Research studies have found positive effects of compression running socks such as:
Equally however there have been studies that have found no beneficial effects of using compression socks.
There does however appear to be a trend for those studies who haven’t found effects to have used lower grade compression, or their subjects have not done as challenging protocols as other studies, or they’ve run on a treadmill where the ground reaction forces (and therefore likelihood of muscle damage) are lower than road running.
What is clear is that no negative impact has been seen in any of these studies, even when used in the heat. Therefore wearing compression socks might help your performance but even if they don’t, they are unlikely to do any harm.
In theory, the key areas where wearing medical grade compression socks can help in sport are:
If you do decide to use compression socks, here is some information to help you get the most out of them.
The level of compression will influence the effectiveness of the socks. Some manufacturers sell them by foot size. This is not going to be ideal, as two people with the same sized feet could have very differently sized calves, and therefore will get a different compression level from the same sized socks.
Some manufacturers allow you to select your sock size by usingmeasurements of your calf and ankle. This is a much better option.
Nowadays some companies are producing custom-made compression garments, and these are the best option, as they will be made to provide exactly the stated compression level no matter your leg size.
There are two options of compression grading. Most companies provide socks where the compression degrades (ie gets lower the higher up the sock), but now you can buy ones that have progressive compression, with higher compression around the calf muscle rather than around the ankle.
There has been limited research comparing the two types of sock, so it really is a case of trying a pair and deciding if they work for you.
When you put your socks on, ensure the top of the sock is just below your knee. If the sock appears too long, do not fold it over at the top, this will change the compression level. Instead, position the top of the sock just below your knee, then manipulate the sock until the material is smoothed out evenly the length of your calf.
In general it appears that the ideal compression for socks used during activity is 20mmhg, with a slightly higher compression level (25mmhg) being better for use during recovery from exercise.
Racing: An important point to note if you are a fan of compression socks, is that they are banned in triathlon races by the ITU.

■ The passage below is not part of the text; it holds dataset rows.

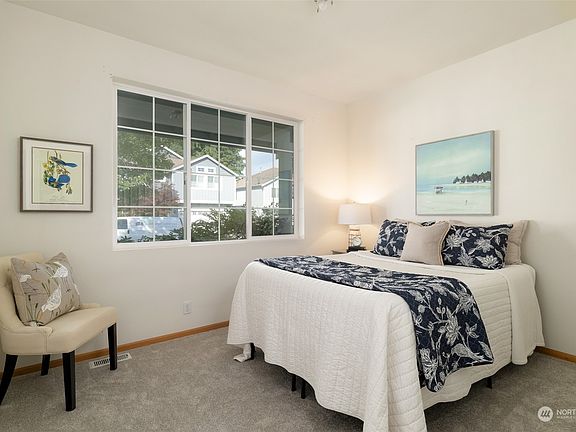 4th image of 18113 Mount Walker Drive NE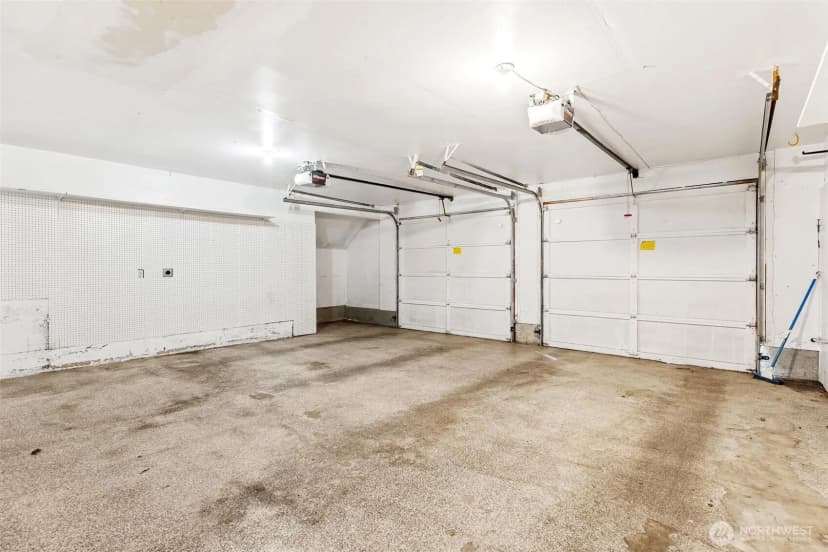 Property photo for 1748 Bellevue Way Ne #1, Bellevue photo 27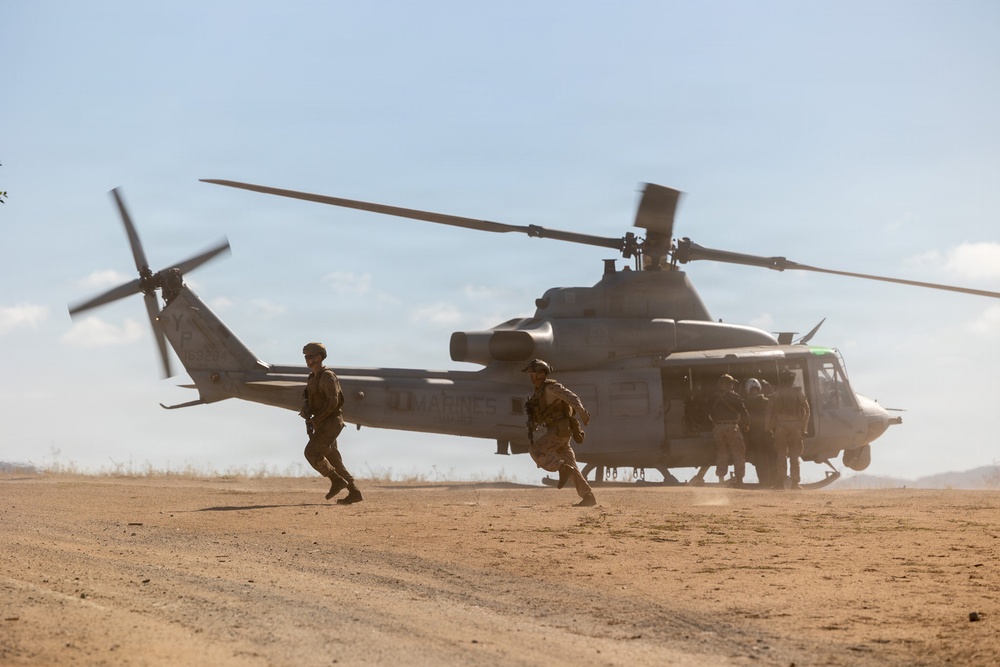 11th MEU participates in Mechanized Raid Course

Any form of sock is classed as ‘illegal equipment’ for the swim. So if you do want to use compression for your lower legs you will need to look at the footless,‘calf guard’ options.
Training: It would appear that beneficial effects of socks which provide compression would be most likely to be seen if you wear them for particularly long or hard running sessions. If you are returning from an injury to your calves, then the added support and compression the socks provide could be beneficial.

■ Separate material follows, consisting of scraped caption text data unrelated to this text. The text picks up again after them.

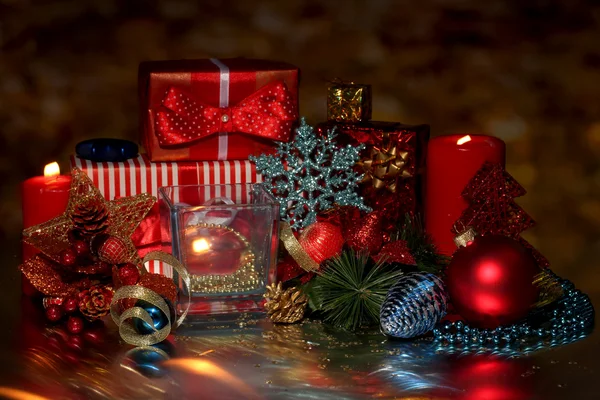 Decoração de Natal e caixas de presente no fundo escuro — Fotografia de Stock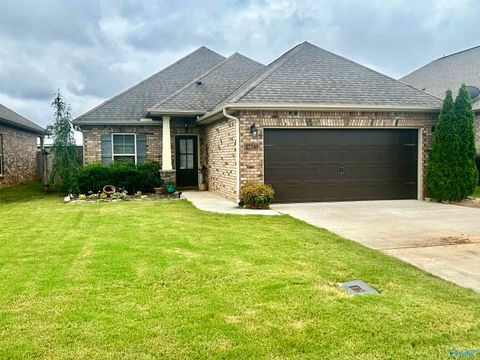 Homes For Sale - 27340 Dieken Drive<br/> Athens, AL 35613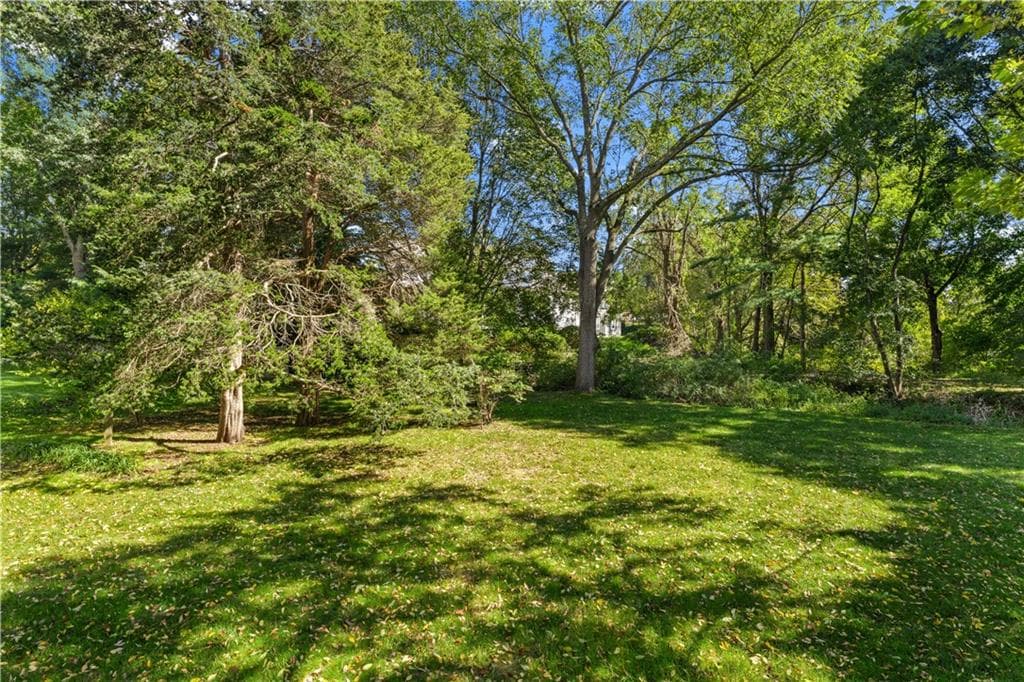 Single Family Residence at 48 Hillcrest Road, South Kingstown, photo 6 of 44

Recovery: Socks which provide compression can reduce muscle soreness, so put them on after a training session for 2 – 3 hours to enhance your recovery.
Remember there are many other techniques you can use to enhance recovery, you can find out more about them here.
Injury: Most people will be familiar with to ‘RICE’ guide to injuries – rest, ice, compression, elevation. Compression through the use of these socks can be useful if you have sprained or injured your ankle, damaged your calf muscles or have shin splints/compartment syndrome.
Travel: If you are going to be immobile for a long time whilst travelling, then these socks can be helpful at improving blood flow in the calves and reducing the swelling associated with long periods of inactivity. Don’t rely solely on your socks though, move around as much as you can (even clenching and relaxing your calf muscles whilst seated or circling your ankles and so on), and stay hydrated.